Frameworx Home

Application Framework (TAM)

Business Process Framework (eTOM)

Business Process Framework Flows

Information Framework (SID)

Business Metrics High Level

All Diagrams

Frameworx Processes

Frameworx Applications

Information Framework ABEs

Frameworx Metrics

Views

Frameworx Application: Fault Correlation & Root Cause Analysis

Category: (2) TAM Application Type

Application Identifier: 7.10.2

Maturity Level: 4

Overview

Fault Correlation & Root Cause Analysis collects the various fault events in the network as well as other relevant information such as network topology, and relates these events, reducing the number of raw events to some smaller number.  Root Cause Analysis (RCA) enables the end user to quickly determine the root cause of a problem in the network. These applications have a unique role in mediating network alarms with topology and configuration data.

Functionality

Fault Correlation & Root Cause Analysis functionality includes the following:

  • Alarm Correlation (the ability to collect all relevant fault events along with other relevant information and reduce them to some smaller manageable number).  This can include:
    • Alarm de-duplication – first level of alarm reduction based on pre-defined user criteria. Alarm de-duplication is designed to eliminate repeated events to reduce the amount of “noise” from the network. The application should provide end user with capability to define rules for de-duplication.
    • Alarm auto-clearing – ability of the application to correlate a previous alarm with a clear-alarm received from the source (NE, NMS, and EMS). The application should deliver “out-of-the-box” auto-clearing capabilities for each device type/EMS/NMS supported, as well as capabilities for end users to define their own auto-clearing rules.
    • Alarm thresholding – ability of the application to handle various thresholding scenarios such as alarm flapping and integration with performance management systems to receive threshold crossing alarms, as well as generate synthetic threshold alarms based on pre-defined user conditions. The application should provide end user the ability to maintain “out-of-the box” rules, as well as develop their own rules for threshold management.
    • Correlating alarms with supporting data (topology, configuration), including
      • intra and inter-element.
      • inter-element (including up/down the various network layers)
      • service-based; In order for the application to do topology based correlation, the application must be “topology aware”. Topology awareness can be achieved through autodiscovery or integration with an inventory management application.
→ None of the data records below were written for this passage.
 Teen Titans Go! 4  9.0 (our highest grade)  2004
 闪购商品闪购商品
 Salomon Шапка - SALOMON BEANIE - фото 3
Inter-element and service based correlation can only be achieved if the inventory data is valid and is available for integration with the correlation application.
      • Alarm enrichment (external database connectivity)
      • Ability to associate services to the physical aspects of the network.
      • Filter, summarize, and reduce displayed alarms
      • Consolidation of alarms
      • Consolidating alarms across technology
      • Consolidating alarms across elements
      • Present to alarm console
      • Graphical display of fault / topology overlay
      • Provide alarm to other systems
      • Store the alarms and root cause for extended periods
  • Root Cause Analysis – (RCA) ability to pinpoint the root cause of the problem or in some instances probable cause of the problem. The application should have the ability to:
    • Root Cause isolation based on correlation analysis 
    • Fault isolation
    • Network Element / network layer attribution
    • Alarm consolidation / substitution as well as alarm suppression of the sympathetic alarms.
    • Problem identification / initiation (ticket creation). Once Root Cause/Probable cause is determined, the application should have the ability to integrate with trouble management application for manual/automated ticket creation.
    • Resolution initiation (testing, solution identification/ownership, knowledge base index). The application should have capability to integrate with various testing applications. Integration with testing should be rules bases.
    • Knowledge of topology
    • Present to alarm console
    • Drill down from root cause into details

Supported Business Services

(2) TAM Application Type Fault Correlation & Root Cause Analysis

Appears on these diagrams:

Frameworx Processes (Automated TAM to eTOM)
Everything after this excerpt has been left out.